++++ Supplied material

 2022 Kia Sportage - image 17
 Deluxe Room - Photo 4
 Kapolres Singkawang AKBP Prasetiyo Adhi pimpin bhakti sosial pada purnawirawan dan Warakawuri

++++++++

_Exercise goal_
Restate the data word for word.

_Solution to this problem_
 2022 Kia Sportage - image 17
 Deluxe Room - Photo 4
 Kapolres Singkawang AKBP Prasetiyo Adhi pimpin bhakti sosial pada purnawirawan dan Warakawuri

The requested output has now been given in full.